Eric Sachs Feb 7, 2012 6:12 PM
Posted in group: OIDF Account Chooser list
So far the account chooser has been agnostic about how the websites authenticated the user, i.e. it could use passwords, OpenID, SAML, OpenIDConnect, etc.  That also had the nice property that IDPs did not need to change to support an account chooser.

However there is one advanced feature that does require specific protocol integration with the IDP.  The goal is to simplify the UX for the scenario where the user is visiting a website for the first time and the website only needs to get the user's verified email address (and maybe public profile information) from the IDP.  Traditionally that takes 3 clicks:
  1. Click sign-in on a site
  2. Click an entry in the central account chooser
  3. Click an OK button on the IDPs consent page 
Both steps 2 and 3 have the same purpose, i.e. get the user to consent to share their email address with the site.  So the advanced feature we want to implement is to skip step 3 and enable the IDP to determine that the user already gave their consent in step 2.  We call this the "2-click flow" flow to differentiate it from the regular "3-click flow."

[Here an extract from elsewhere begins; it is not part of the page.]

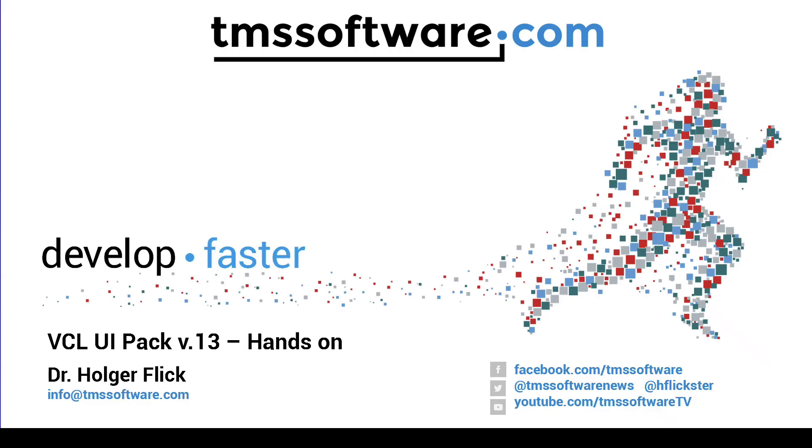We hope you like this hands-on view at the new controls in VCL UI Pack 13. If so please give us a thumbs up or even better subscribe to this channel so that you won't miss any videos in the future. Stay safe and take care.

We have had a basic demo of this (see the old email below), but now it is much easier to try out.  The app at http://2clickdemo.appspot.com/mail.jsp acts as a wrapper around the Gmail login flow and IDP.  So log into that app using a Gmail account that is not configured to automatically log into the demo websites.  You can use a new account for that testing, or visit https://accounts.google.com/b/0/IssuedAuthSubTokens on an existing account to revoke access to those demo sites.  Once you have logged into the app, you can visit any of the demo sites and try to sign in with that Gmail address.  Once you click it in the central account chooser you will notice that you are immediately logged into the demo sites without needing to see an additional consent screen.

Technically this is done by having the central account chooser request an OpenID Connect idtoken from the IDP whose "audience" is configured to be the website that started the sign-in flow.  The IDP has to whitelist the account chooser to enable it to request these tokens.  We are now brainstorming the different attack vectors on this design to see how the protocol needs to be modified.  Note that since this is a demo, it is not using real idtokens issued by the Google IDP.  As a side effect, that means that if you log out of Gmail, the account chooser on your browser can continue to issue demo idtokens, so this is best tested in an incognito/private-browsing window.  Soon we will add a URL on that app which you can use to reset it more easily.



---------- Forwarded message ----------
From: Eric Sachs <esa...@google.com>
Date: Thu, Jan 5, 2012 at 5:48 PM
Subject: Updates to demo of central account chooser
To: oidf-account-chooser-list <oidf-account...@googlegroups.com>

<other text deleted>

We also have a demo of a very slick feature that lets the user avoid seeing a consent page on the IDP.  As long as the RP is only requesting the users' email/photo/name, it can ask the CDS to request an OAuth token directly from the IDP.  The IDP can choose to trust that the CDS got the user's consent to share that information by showing an account chooser where the user clicked an entry.  I will work on a Youtube video to show this, but you can try it yourself.  First, create an account on our mock IDP (gitkit-idp.appspot.com) or just use the account "a...@gitkit.com" (password: 123) and sign in with this account. Second, go to http://gitkit-tool.appspot.com to add this account to CDS. (NOTE: Do not input the provider ID. Also you can leave the photo/name fields blank and they will be updated later.)  Third, got to the demo RP at http://gitkit-redirect.appspot.com, click the "sign in" button and click this account on the CDS account chooser.  The CDS will get the IDP assertion using an embedded IDP iframe invisibly and pass it to the demo site. The site will use this assertion to sign in the user without redirecting to the IDP.  Note that if you click the account on the account chooser while you are not signed into the mock IDP site with it, the widget properly fails to sign the user in.  This is the only feature of the CDS that is protocol specific, and it requires the use of OpenID Connect by the IDP.